START Data records
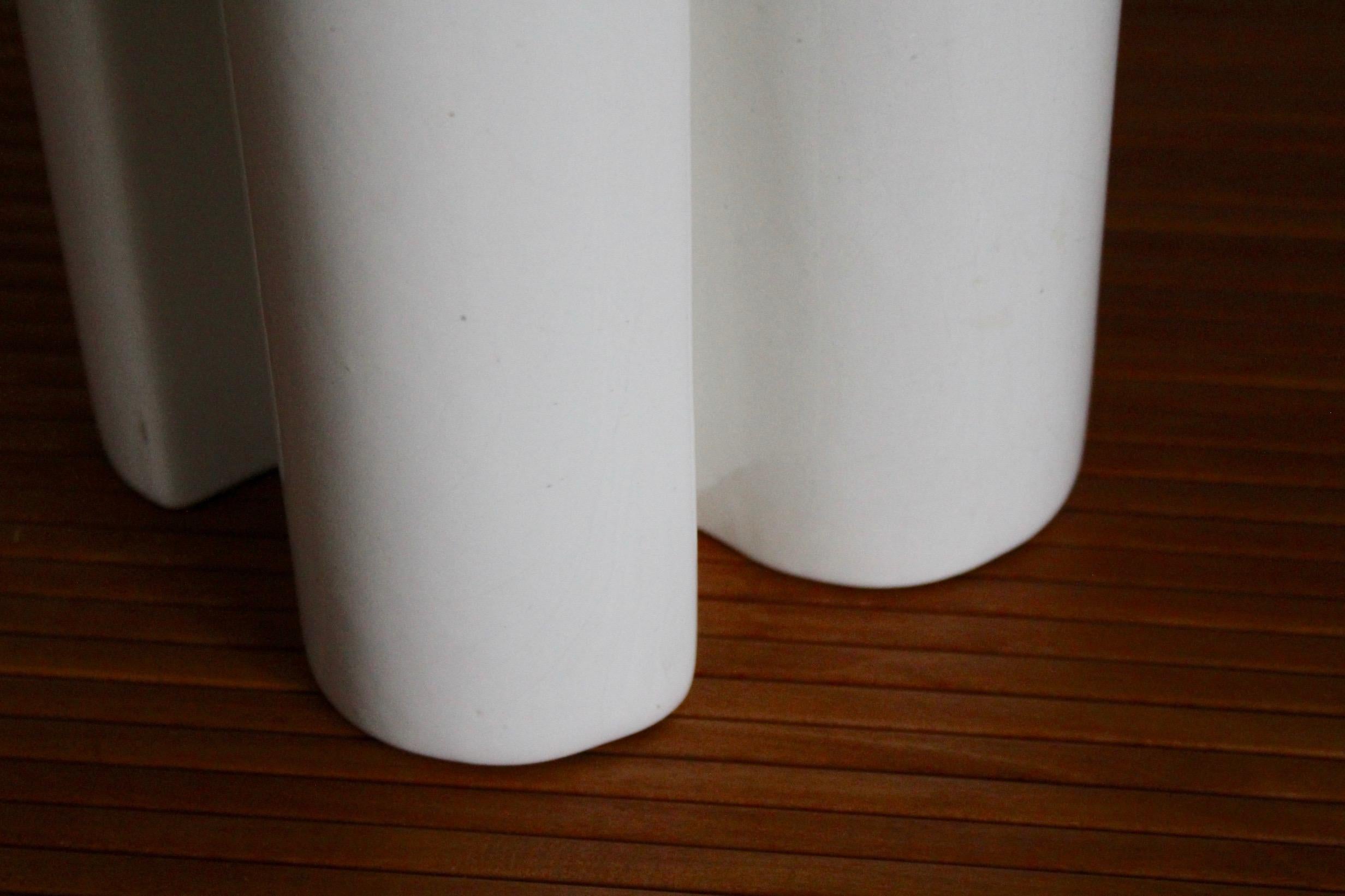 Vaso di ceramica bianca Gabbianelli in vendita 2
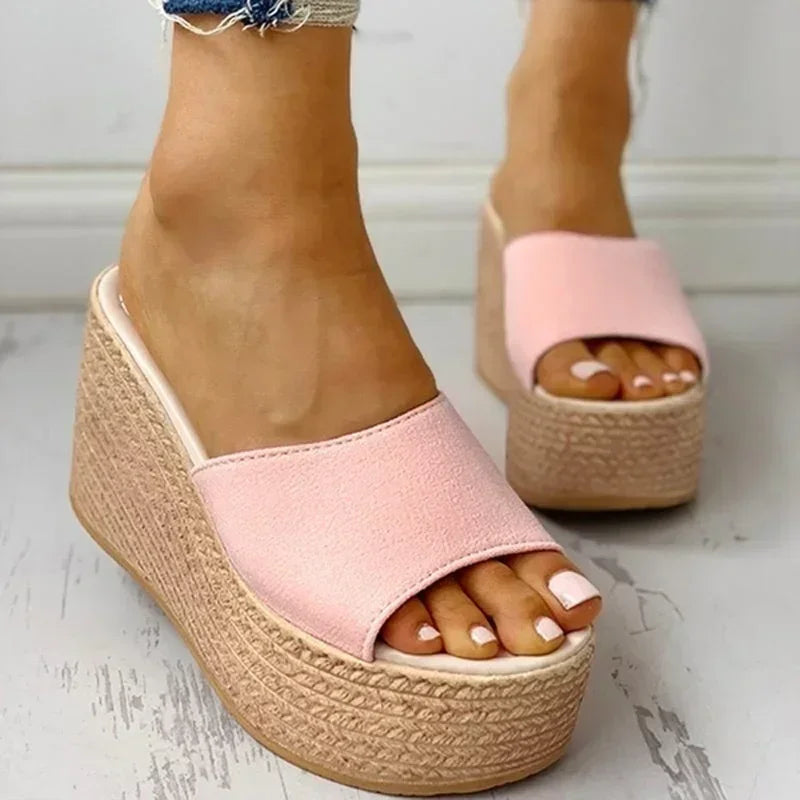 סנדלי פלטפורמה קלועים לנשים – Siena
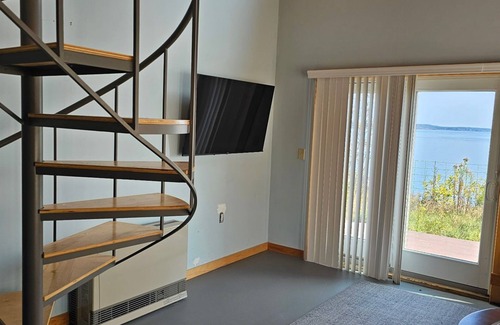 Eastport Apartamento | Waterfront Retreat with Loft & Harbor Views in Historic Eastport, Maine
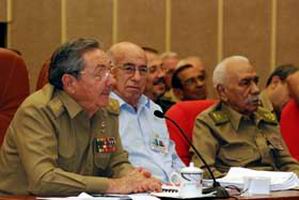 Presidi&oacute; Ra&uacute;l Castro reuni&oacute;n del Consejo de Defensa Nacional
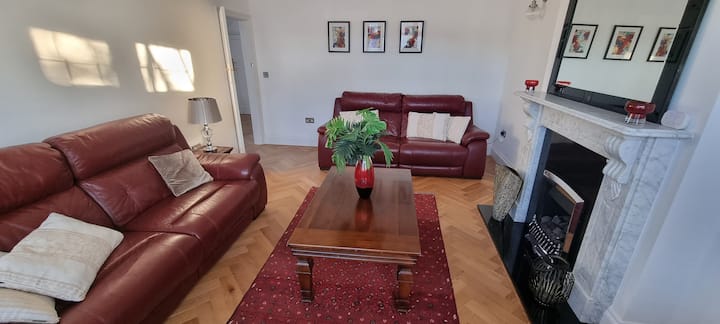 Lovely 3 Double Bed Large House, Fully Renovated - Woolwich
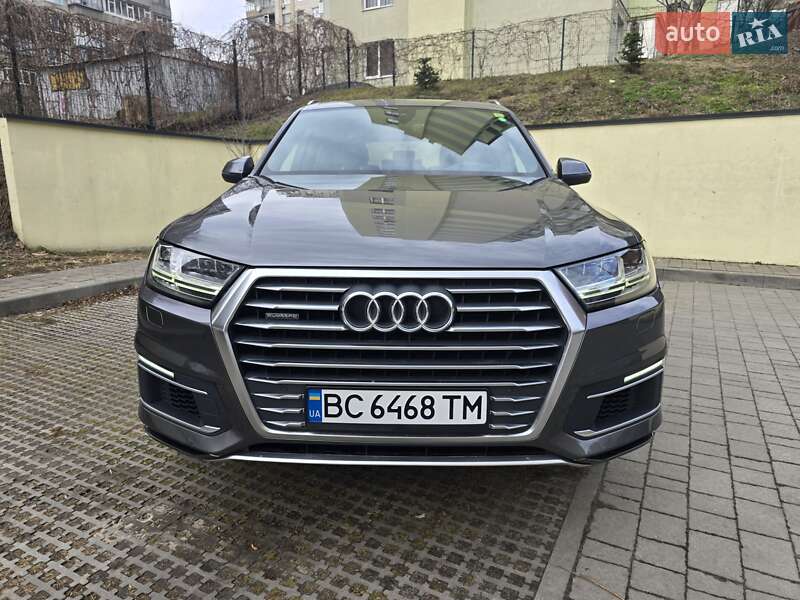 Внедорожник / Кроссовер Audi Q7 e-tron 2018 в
END Data records
▶ [What is required] What is needed is the whole listing again, exactly as written, with the images left out.

▶ [Answer for the task]
 Vaso di ceramica bianca Gabbianelli in vendita 2
 סנדלי פלטפורמה קלועים לנשים – Siena
 Eastport Apartamento | Waterfront Retreat with Loft & Harbor Views in Historic Eastport, Maine
 Presidi&oacute; Ra&uacute;l Castro reuni&oacute;n del Consejo de Defensa Nacional
 Lovely 3 Double Bed Large House, Fully Renovated - Woolwich
 Внедорожник / Кроссовер Audi Q7 e-tron 2018 в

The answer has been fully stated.